Before taking on the winless Buffalo Bills, the Ravens will welcome back Pro Bowl safety Ed Reed and their 2000 Super Bowl team.
Their track record under coach John Harbaugh suggests this should be quite a Homecoming today at M&T Bank Stadium.
The Ravens, who are favored by 13 points over the Bills, are 8-0 under Harbaugh when they are double-digit favorites. They are 13-1 in the Harbaugh era against teams with losing records. And under Harbaugh, they've never lost to a team that failed to make the playoffs that season.
That's why Harbaugh looks as if he is ready to deliver a devastating blow to the head to anyone who talks about the prospect of the Ravens (4-2) overlooking Buffalo (0-5), one of the two winless teams in the NFL.
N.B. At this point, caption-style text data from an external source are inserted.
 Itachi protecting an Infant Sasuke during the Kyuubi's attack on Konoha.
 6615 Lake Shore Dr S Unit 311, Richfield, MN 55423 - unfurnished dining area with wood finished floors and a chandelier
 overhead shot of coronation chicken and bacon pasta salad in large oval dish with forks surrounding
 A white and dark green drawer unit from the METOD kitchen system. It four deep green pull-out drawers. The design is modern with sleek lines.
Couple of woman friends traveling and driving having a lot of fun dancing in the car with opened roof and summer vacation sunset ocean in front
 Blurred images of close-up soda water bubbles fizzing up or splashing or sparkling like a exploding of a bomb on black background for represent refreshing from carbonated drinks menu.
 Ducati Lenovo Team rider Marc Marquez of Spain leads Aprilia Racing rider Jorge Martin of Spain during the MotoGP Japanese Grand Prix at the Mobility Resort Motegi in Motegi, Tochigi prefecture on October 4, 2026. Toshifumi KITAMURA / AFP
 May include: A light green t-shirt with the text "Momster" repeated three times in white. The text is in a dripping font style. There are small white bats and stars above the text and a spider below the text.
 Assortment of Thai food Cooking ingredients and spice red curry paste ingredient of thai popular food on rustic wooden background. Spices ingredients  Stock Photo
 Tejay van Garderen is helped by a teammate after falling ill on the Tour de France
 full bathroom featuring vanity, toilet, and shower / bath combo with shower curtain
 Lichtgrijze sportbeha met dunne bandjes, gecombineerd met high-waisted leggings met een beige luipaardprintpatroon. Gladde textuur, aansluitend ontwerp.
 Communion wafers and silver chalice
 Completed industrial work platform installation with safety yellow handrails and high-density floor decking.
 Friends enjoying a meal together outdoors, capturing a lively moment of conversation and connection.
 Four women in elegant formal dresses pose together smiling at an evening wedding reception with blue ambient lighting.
"I can't imagine our guys taking anyone for granted in this league," Harbaugh said. "Do we have a history of taking teams lightly here? I don't think we do. I get asked that question all the time and I get disinterested in it. I trust our guys and we're going to be ready to play."
If the Ravens would ever fall victim to a "trap game," it would be Sunday against the self-professed "laughingstock of the National Football League," the exact words used by Bills safety Donte Whitner. Off to its worst start in 25 years, Buffalo has already cut its starting quarterback (Trent Edwards) and traded its leading rusher (Marshawn Lynch).
The Bills' defense, which is ranked 29th, has given up at least 34 points in four straight games. Their offense, which is ranked 30th, has scored the seventh-fewest points in the league.
It's gotten so bad that an ESPN reporter went to Buffalo a few days ago to ask how close would a game be between the Bills and a United Football League team?
"That's saying that we're minor-league, that a minor-league team could compete with us," Bills linebacker Paul Posluszny said. "The thing that makes me mad is we put ourselves in this situation. If we're winning games or competitive, then you're not talking to me about this. But it's our fault. It's my fault. We've got to fix it."
The temptation for the Ravens is to look ahead to next week's bye. But Harbaugh said it hasn't been tough to focus on the task at hand "based on the way we've practiced." According to Harbaugh, this has been one of the best weeks of practice of the season, if not the best one.
"I think [the Bills are] going to be highly motivated. They're going to be determined," Harbaugh said. "They're very prideful. They've got a lot of guys that we just know their history as players and coaches. They're going to want to make a statement."
The Ravens have been the ones who have made statements in these types of games. When they've been favored by double digits, they've won by an average margin of 20.6 points.
"We prepare every week as if this is a must-win game for us," wide receiver Derrick Mason said. "We understand that in this league, any team can be beaten in any week. We take every opponent very seriously. It doesn't matter if you have a winning record or not."
If nothing else, this game will be memorable because it marks Reed's first game of the season and his first one at home in 329 days (his last one was Nov. 29, 2009).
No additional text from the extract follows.